The Internet as a storehouse, or perhaps even more as a democratic showroom, liberated from the purely market-oriented dictates of the previous culture industry? Sure. Without the Internet, we could only try to influence the public market of images in the sense of our inner images and themes through our buying behavior. Musicians, actors, and models offered themselves as images and projection surfaces of desires to a broad mass, and this mass bought them and made them stars. Today, on the other hand, anyone can be an actively (re-)producing part of this collective imagery. Perhaps a current look at this flood of images allows a more realistic view of the desires, passions, and dreams of society, which are not only individual and diverse, but also reveal commonalities in collective image worlds. 

Arts in general, however, have always been much more than just the expression of an individual consciousness, or even individual subconscious. Even if high art may be innovative in its form, it has always also been a reference of zeitgeist and consciously or unconsciously worked with images and themes that were already present in people's minds.

I don't know how much we have to strain C. G. Jung's depth psychological approach in doing so, or how deep we have to go into the concepts of collective and cultural memory for that matter. Whether we look at the narrative forms that have been successfully repeated over and over again since the ancient world, or the serving of topoi in ancient rhetoric, which in principle still 

works today from political speech to consumer advertising, these phenomena nevertheless prove to us empirically that there are collectively responsive images in us.   
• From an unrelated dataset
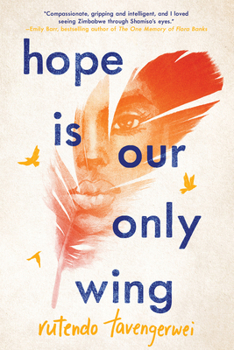 Paperback Hope Is Our Only Wing Book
Perhaps pornography is the extreme form of eternally reproducing and serving these collective image worlds. I think it is a special case. Without its appeal to our sexual drive, it would mostly just be boring kitsch, due to its often pure confirmation of our expectations. But when it comes to our primary drive of sexual pleasure, obviously millions of only slightly varying reproductions of our inner images also work for us, mostly without boredom.



Do you have any advice for artists and writers; generally, and specific to 3DX?
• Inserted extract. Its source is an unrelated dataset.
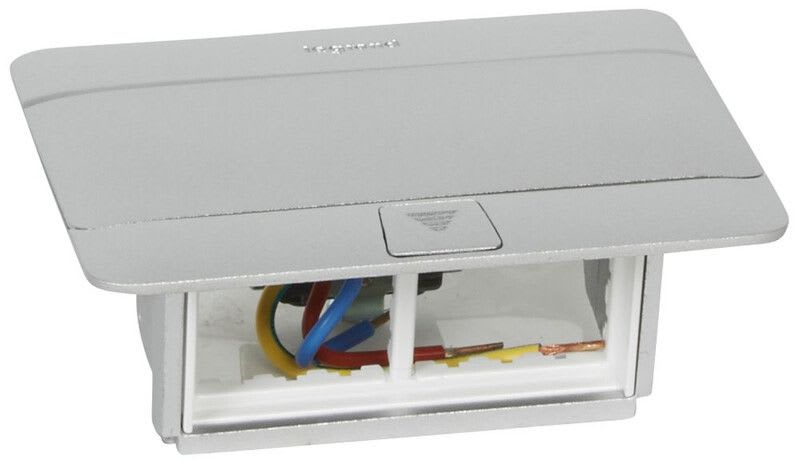 LEGRAND - Lattiarasia - 4-mod IP30/40 IK07 3kN MALU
Looking at the many very good 3DX artists here, I find it a bit strange to give advice. But of course I would advise every beginner to deal intensively with light and camera. A picture finds its expressiveness not only by its content, perhaps even least by it. In addition, I would advise them to work with various 3D tools and not to forget the 2D image editing for textures, and especially for post-production. I think the rendered image is far from being a good final image.



What themes do you want to explore in the future?


Above all, I want to continue working on my design skills. On the one hand, I want to become more photorealistic, but at the same time I want to continue experimenting with different artificial or cinematic looks. Content wise, I will certainly stay in the broader field of BDSM and spontaneously invent and stage new characters every now and then. But I also want to finish and publish the next chapter of my "Nin Story", and maybe additionally set up a small ongoing futa story around our "Laura Saenz" cop and the arrested blonde. I am also currently illustrating 1-2 other stories by an unknown author that I would like to publish in the future as well.  Last but not least, I would like to set up a profile on Patreon soon.


Anything else you would like to say to your fans?


It is wonderful to see that you are not alone on the globe with your "special" visual preferences. Thank you for your affirmation and support.